Quick Hits

There are a LOT of things spinning through my mind (and across my social media feeds) over the past week, so we’re going to do a quick-take version of the blog (I’ll add to it as the day goes on).

* How do you root for a team where you disagree with the underlying narrative, know that success for said team will only validate its practices and allow them to perpetuate, yet support the players who undoubtedly have been beneficiaries of that narrative and those practices?  Thus is the dilemma for some women’s soccer fans who want the US Women’s National Team to “be better” across a number of platforms (some specific to the game, some specific to the business).  I want to see better play on the field, a more competitive environment where the team is seen as a collection of parts (this fits here, this fits here, this can be removed for this, etc.) and not a piece of art, and an off-the-field structure that gives decision-makers the ability to act with only one thought in mind:  winning (be it short-term success or taking the long-term view of getting from A to B).  Will I bash the squad because of it?  No.  Will I hope for the players that they perform to the utmost of their ability on the field this evening?  Yes.  Will it be easy doing all of this given my opinions of how USSF has handled the business end of the equation?  Not in the least.

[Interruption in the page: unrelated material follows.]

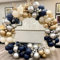 Ballon Girlande Marineblau, Luftballons Girlande mit Marineblau, Sandweiß, Metallballon,Ballon Geburtstag Mann Frau, Ballongirlanden Set für Geburtstags Graduierung Hochzeit Brautparty Party Deko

* Columns by Wendy Parker and Alexander Gott on media and women’s sports both I think miss the mark a bit.  Neither one addressed a big difference between how most men’s sports are treated on TV (stable scheduling which becomes “destination viewing” because most people know when and where to see it) and how women’s sports are treated (filling gaps in schedules, placed in lower-viewed windows such as Friday nights, and subject to being moved about the schedule).  I DVR “We Need to Talk” because its place on the programming schedule (Tuesdays at 10pm and Wednesdays at 10am, with replays through the overnight hours between those two times) don’t fit with my early-morning work schedule.  Even a great program as this misses the mark as 1) it’s mostly about the big four sports as seen through the female journalist’s eye, 2) it doesn’t get a consistent run (on for a few weeks, gone for two months, back on for a while, etc.), and 3) its place on the schedule.  The boom of niche media has helped women’s sports expand their footprint, but niche media can’t deliver eyeballs in the eight figures like “legacy” media (newspapers, major over-the-air television networks, large-scale cable sports networks).  Without that, destination programming become the best way for women’s sports to cross over into the mass culture pipeline.  Putting the WNBA on in the same time slots as the NBA gets from ESPN (e.g., 7pm on Wednesday evenings) and with the same treatment would be a step in the right direction (or National Pro FastPitch on CBS Sports Network at similar times to where they’d show Big East baseball in the spring).  Same goes for a regular spot for NCAA Women’s Basketball in the weekly college basketball rotation (7pm Thursday nights, for instance).  A national TV contract for NWSL with a game of the week slotted within the Monday-Thursday, 7pm-11pm “prime time” window would be another advancement.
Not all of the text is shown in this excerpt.